## BRIEF:
Your task is to copy the listing exactly, with the pictures left out.

## COLLECTED DATA:
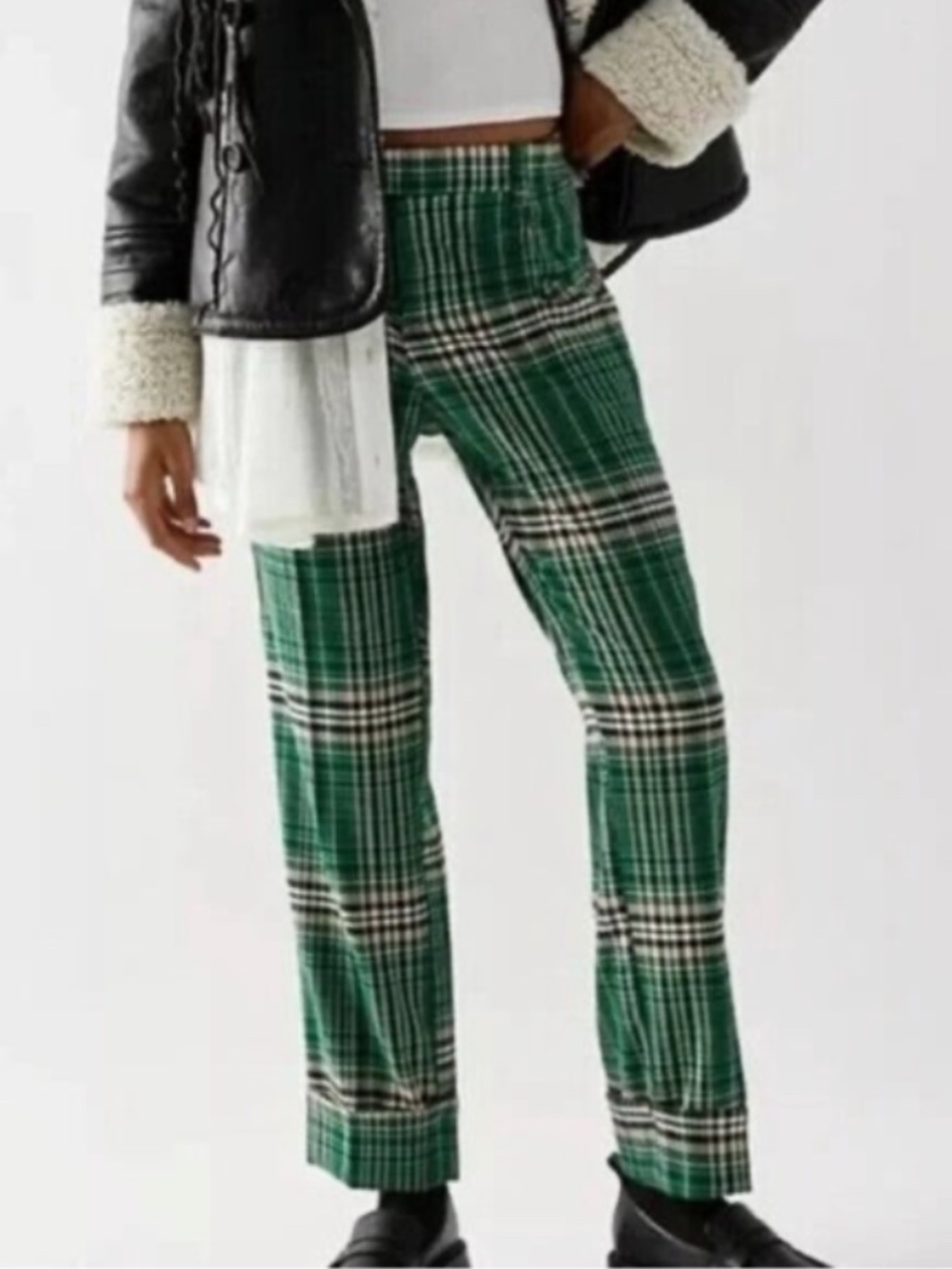 Free People Green Plaid Cuffed Pants Size 2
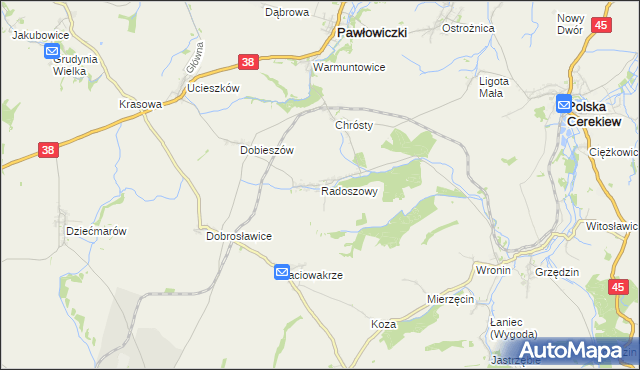 mapa Radoszowy, Radoszowy na mapie Targeo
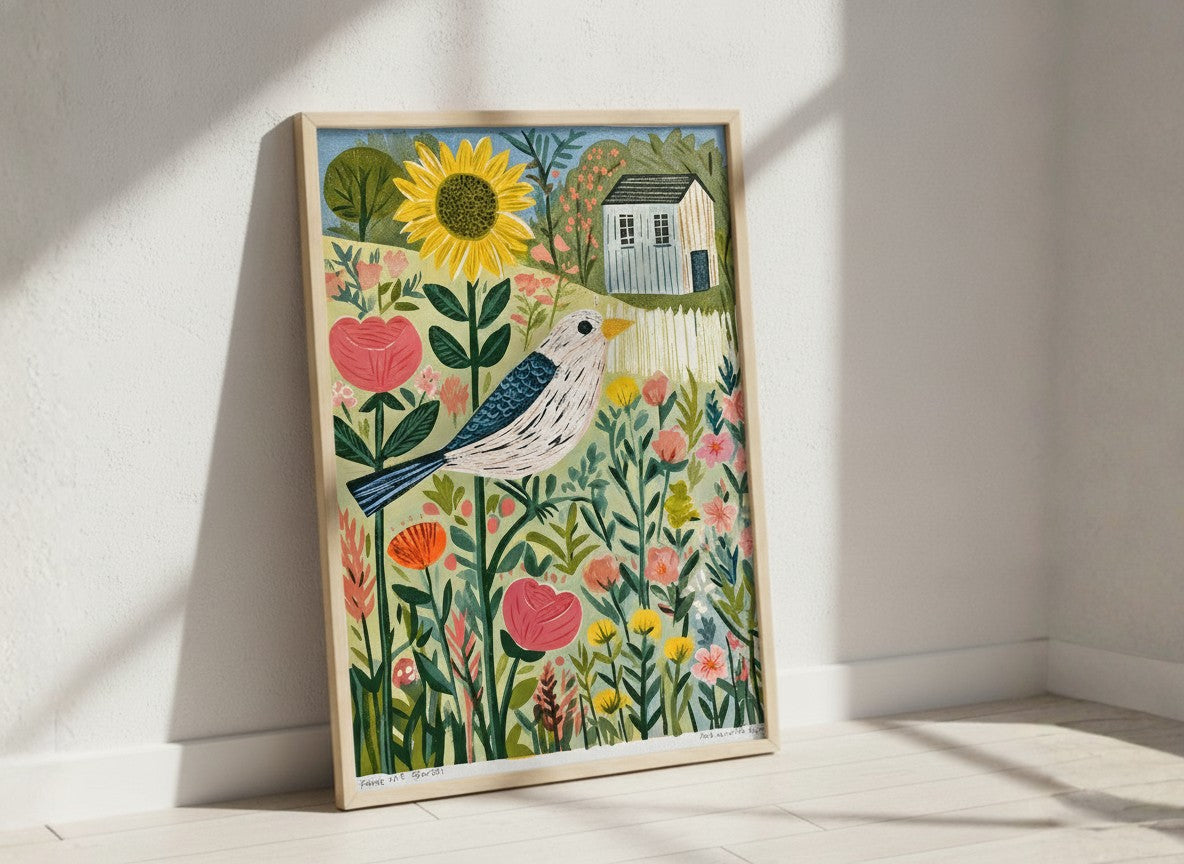Folk Art Bird Garden Print art print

## WRITTEN ANSWER:
 Free People Green Plaid Cuffed Pants Size 2
 mapa Radoszowy, Radoszowy na mapie Targeo
Folk Art Bird Garden Print art print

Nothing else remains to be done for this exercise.